- Data extracted from a collection
= Beginning of Section =

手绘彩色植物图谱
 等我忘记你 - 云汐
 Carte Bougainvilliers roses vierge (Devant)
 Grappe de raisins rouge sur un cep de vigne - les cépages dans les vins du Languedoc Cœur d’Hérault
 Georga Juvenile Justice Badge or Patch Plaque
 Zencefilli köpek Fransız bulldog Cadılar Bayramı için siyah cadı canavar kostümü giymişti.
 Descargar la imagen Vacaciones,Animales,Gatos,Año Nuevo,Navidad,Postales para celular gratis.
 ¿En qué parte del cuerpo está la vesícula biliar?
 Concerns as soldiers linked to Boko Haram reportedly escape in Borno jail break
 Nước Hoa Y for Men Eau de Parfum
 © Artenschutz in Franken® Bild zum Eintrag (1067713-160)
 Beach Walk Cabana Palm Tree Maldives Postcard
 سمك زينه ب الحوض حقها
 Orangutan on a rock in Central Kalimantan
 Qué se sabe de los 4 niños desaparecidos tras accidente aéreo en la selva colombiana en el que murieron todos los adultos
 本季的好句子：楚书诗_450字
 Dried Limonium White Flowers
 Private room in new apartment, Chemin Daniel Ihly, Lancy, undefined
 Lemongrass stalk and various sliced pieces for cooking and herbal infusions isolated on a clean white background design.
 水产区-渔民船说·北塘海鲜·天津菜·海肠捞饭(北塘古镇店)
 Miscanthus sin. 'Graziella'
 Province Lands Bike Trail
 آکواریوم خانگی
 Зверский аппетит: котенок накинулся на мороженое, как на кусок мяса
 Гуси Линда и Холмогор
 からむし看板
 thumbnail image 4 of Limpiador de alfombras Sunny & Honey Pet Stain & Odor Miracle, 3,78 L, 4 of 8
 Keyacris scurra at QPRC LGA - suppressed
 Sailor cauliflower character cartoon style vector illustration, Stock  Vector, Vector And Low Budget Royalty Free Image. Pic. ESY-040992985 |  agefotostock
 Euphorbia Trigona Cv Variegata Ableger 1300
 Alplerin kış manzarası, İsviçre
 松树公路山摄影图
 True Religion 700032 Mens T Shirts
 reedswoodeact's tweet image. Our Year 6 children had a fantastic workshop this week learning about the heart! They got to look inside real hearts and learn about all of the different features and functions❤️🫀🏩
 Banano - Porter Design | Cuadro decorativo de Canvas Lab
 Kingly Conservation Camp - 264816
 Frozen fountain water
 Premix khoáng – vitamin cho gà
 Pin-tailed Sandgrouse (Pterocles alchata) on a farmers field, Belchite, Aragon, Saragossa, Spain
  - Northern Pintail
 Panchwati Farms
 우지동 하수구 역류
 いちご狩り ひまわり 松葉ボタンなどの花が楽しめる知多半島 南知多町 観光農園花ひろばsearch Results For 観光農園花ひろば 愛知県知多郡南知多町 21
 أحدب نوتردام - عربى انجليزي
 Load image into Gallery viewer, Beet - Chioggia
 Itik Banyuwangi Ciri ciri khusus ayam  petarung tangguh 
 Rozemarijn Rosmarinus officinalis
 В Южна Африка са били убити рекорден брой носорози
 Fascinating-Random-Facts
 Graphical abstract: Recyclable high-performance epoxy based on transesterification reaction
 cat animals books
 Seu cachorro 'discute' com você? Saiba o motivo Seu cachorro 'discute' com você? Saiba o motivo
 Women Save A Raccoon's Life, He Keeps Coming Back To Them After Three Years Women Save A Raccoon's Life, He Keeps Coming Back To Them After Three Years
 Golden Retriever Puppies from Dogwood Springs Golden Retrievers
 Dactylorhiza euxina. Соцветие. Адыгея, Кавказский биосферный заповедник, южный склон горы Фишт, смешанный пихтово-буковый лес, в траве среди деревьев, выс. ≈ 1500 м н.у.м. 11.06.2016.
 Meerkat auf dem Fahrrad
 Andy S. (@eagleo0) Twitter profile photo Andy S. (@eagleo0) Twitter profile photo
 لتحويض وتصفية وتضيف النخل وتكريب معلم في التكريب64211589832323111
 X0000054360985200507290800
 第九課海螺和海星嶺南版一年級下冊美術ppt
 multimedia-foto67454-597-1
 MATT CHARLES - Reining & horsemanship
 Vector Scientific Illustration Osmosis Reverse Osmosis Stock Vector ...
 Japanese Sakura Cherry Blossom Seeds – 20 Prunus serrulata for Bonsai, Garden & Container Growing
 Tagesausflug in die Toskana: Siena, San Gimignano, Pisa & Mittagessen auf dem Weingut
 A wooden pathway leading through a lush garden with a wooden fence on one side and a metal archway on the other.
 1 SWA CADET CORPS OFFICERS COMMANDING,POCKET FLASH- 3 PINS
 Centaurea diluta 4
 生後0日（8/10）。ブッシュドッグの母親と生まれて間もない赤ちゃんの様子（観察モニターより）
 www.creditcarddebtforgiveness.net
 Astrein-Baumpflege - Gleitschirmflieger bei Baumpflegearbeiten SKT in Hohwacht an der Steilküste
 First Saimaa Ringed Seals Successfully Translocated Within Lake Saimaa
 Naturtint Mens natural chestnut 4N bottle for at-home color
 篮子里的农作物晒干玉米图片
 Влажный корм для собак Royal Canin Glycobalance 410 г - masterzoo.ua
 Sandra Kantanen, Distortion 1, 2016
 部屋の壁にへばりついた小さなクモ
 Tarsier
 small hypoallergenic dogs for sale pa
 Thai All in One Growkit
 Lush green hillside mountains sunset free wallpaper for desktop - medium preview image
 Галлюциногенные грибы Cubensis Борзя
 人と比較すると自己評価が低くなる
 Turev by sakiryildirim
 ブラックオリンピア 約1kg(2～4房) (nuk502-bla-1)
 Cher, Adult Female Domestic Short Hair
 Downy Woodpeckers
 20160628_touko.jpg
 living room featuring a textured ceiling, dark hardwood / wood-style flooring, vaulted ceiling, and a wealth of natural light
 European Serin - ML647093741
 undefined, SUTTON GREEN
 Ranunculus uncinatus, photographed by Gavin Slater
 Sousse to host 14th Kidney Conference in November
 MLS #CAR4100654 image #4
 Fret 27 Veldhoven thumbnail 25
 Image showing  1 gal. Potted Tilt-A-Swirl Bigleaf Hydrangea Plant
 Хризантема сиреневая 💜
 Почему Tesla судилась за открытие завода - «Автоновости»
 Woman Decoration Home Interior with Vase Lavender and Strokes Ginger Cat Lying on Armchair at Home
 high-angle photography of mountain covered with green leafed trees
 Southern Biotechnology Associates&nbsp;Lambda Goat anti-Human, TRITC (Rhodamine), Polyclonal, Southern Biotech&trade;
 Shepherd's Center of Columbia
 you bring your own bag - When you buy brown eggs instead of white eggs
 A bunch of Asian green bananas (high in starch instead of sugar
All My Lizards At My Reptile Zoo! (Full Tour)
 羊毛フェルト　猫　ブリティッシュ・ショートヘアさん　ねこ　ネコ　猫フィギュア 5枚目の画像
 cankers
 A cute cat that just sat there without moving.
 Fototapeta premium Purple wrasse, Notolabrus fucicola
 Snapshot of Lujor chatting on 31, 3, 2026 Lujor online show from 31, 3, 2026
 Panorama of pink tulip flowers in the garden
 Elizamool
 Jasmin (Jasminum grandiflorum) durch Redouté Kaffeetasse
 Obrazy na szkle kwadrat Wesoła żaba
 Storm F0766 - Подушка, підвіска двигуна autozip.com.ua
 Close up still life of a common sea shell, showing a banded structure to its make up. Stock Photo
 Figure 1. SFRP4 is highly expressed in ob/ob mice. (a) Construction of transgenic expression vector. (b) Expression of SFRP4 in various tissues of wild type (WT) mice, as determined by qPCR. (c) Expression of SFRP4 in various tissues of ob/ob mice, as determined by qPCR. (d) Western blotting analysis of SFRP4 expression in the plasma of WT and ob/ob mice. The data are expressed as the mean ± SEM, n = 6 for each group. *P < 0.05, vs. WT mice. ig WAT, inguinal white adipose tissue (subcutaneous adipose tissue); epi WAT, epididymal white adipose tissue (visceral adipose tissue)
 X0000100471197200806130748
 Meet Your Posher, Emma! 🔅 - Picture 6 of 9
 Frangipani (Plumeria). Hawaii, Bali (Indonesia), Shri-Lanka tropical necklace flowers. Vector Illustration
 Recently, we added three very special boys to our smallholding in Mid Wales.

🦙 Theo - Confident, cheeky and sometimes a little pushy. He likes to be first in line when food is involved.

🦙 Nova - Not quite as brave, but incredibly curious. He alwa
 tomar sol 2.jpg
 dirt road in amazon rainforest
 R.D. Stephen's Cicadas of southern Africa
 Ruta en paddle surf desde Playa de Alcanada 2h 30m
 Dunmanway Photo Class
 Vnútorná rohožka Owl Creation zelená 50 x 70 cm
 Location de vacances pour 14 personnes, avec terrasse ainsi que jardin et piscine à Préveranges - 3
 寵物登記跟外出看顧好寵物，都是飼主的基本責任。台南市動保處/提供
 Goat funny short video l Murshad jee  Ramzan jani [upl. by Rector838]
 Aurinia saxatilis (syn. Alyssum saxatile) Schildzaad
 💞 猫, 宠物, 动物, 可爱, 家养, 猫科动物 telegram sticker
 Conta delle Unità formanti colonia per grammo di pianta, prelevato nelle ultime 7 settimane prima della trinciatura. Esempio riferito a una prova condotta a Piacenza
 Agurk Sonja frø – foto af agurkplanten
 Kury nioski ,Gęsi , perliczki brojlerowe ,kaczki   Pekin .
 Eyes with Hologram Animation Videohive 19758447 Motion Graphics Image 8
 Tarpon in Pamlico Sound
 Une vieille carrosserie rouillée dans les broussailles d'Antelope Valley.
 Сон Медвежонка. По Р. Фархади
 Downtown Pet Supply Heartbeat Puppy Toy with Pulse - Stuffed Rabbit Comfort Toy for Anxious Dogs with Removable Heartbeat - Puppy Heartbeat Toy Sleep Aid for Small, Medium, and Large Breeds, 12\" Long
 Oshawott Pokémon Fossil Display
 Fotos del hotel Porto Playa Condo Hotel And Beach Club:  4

= End of Section =

- YOUR OBJECTIVE
All lines above from the one with "أحدب نوتردام - عربى انجليزي" to the one with "Seu cachorro 'discute' com você? Saiba o motivo Seu", inclusive, should be copied exactly, and no other lines.

- RESULT OF THE TASK
 أحدب نوتردام - عربى انجليزي
 Load image into Gallery viewer, Beet - Chioggia
 Itik Banyuwangi Ciri ciri khusus ayam  petarung tangguh 
 Rozemarijn Rosmarinus officinalis
 В Южна Африка са били убити рекорден брой носорози
 Fascinating-Random-Facts
 Graphical abstract: Recyclable high-performance epoxy based on transesterification reaction
 cat animals books
 Seu cachorro 'discute' com você? Saiba o motivo Seu cachorro 'discute' com você? Saiba o motivo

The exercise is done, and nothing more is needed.